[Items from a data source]
=== Begin Enclosure ===
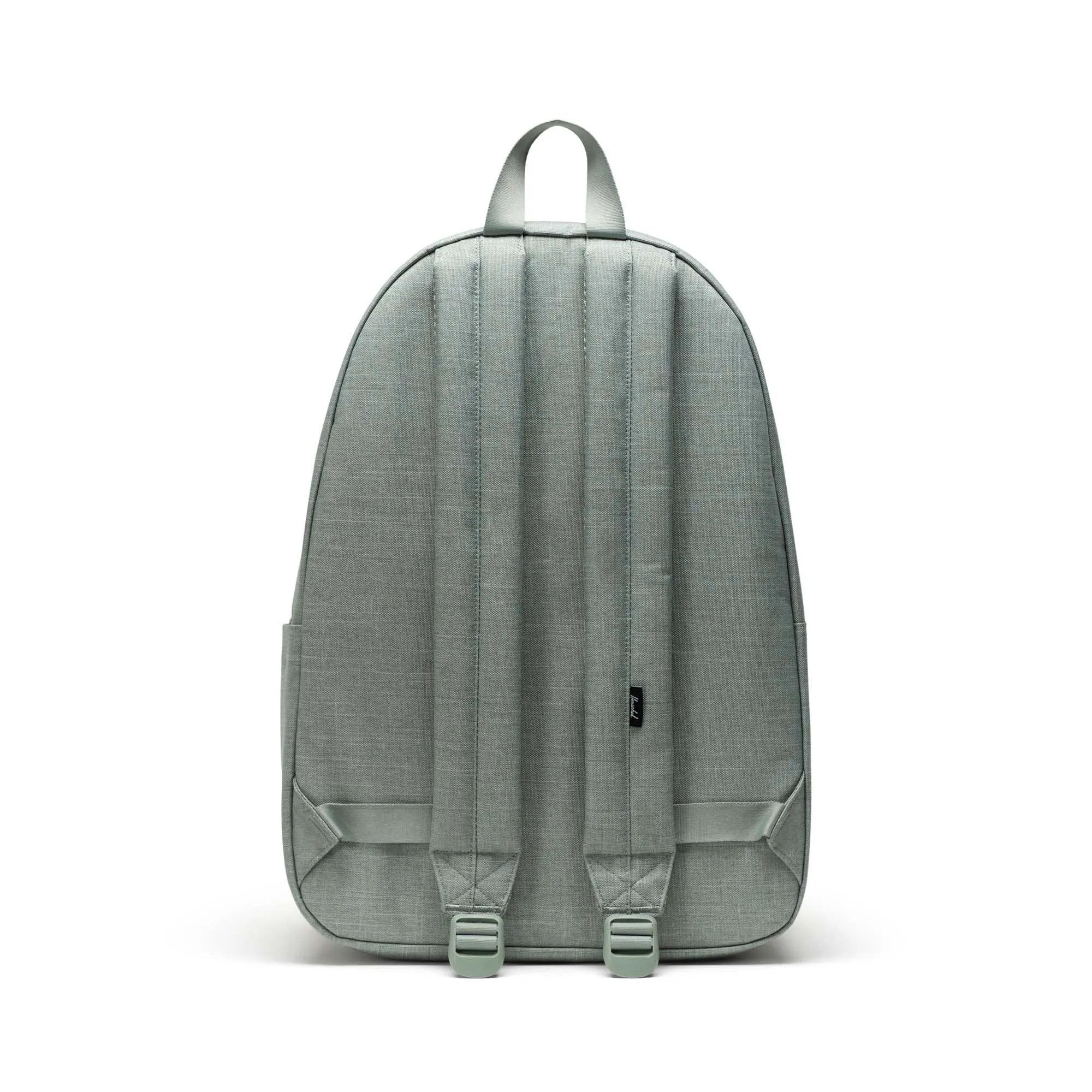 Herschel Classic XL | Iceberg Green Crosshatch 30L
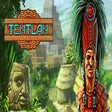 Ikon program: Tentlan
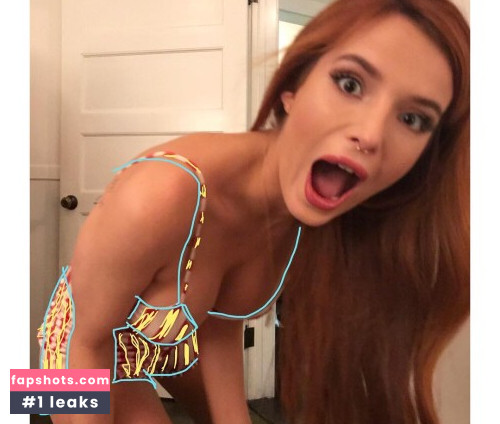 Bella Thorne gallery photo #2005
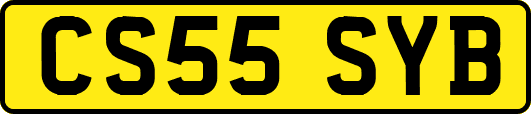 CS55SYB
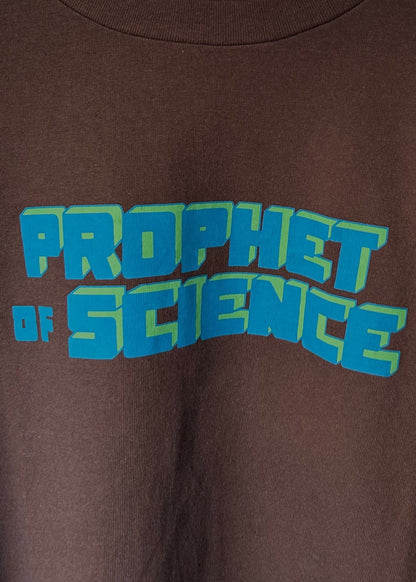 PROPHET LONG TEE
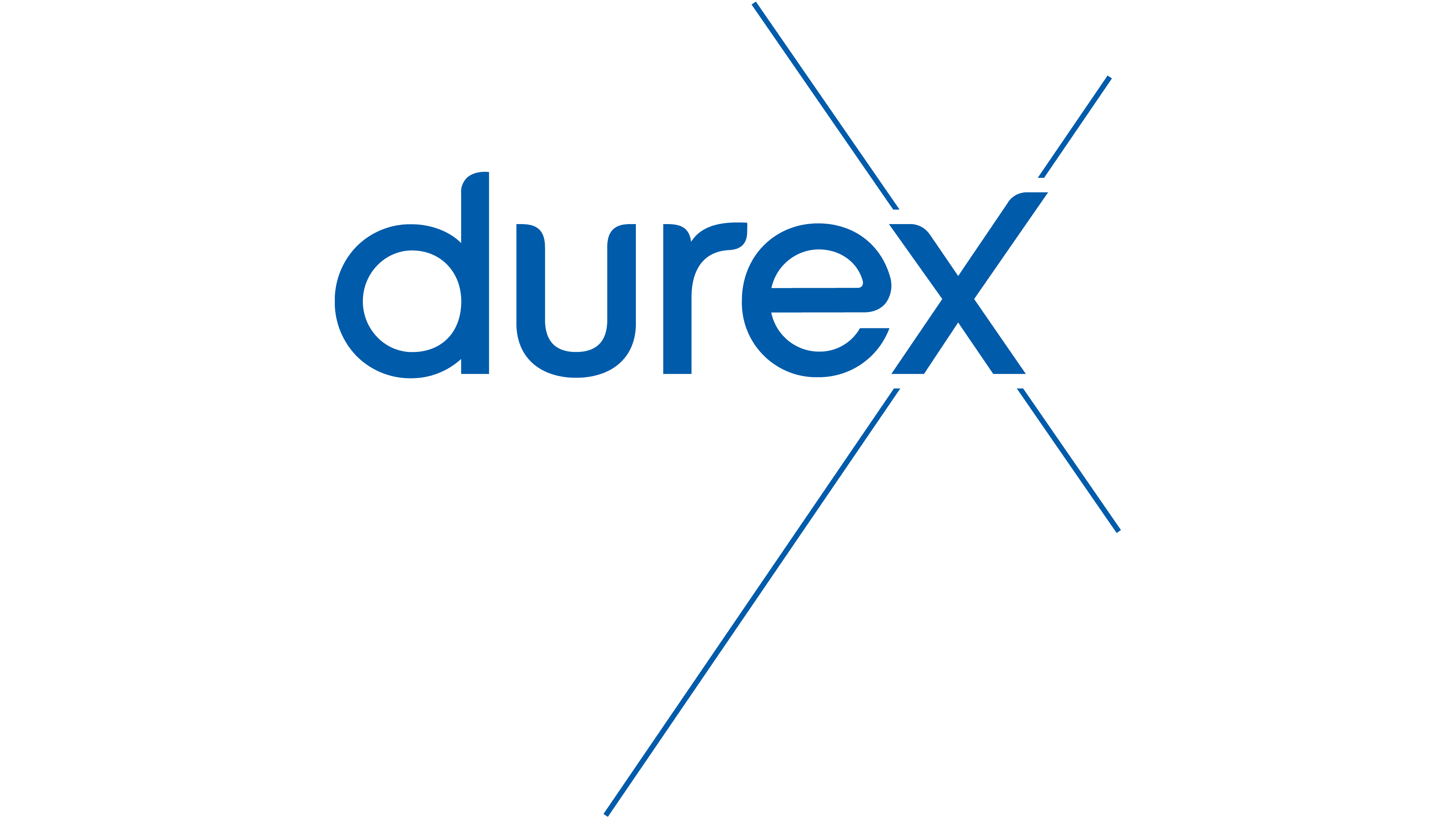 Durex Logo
=== End Enclosure ===
- _Task item_
Print the data exactly as written, dropping any images it holds.

- _Final answer_
 Herschel Classic XL | Iceberg Green Crosshatch 30L
 Ikon program: Tentlan
 Bella Thorne gallery photo #2005
 CS55SYB
 PROPHET LONG TEE
 Durex Logo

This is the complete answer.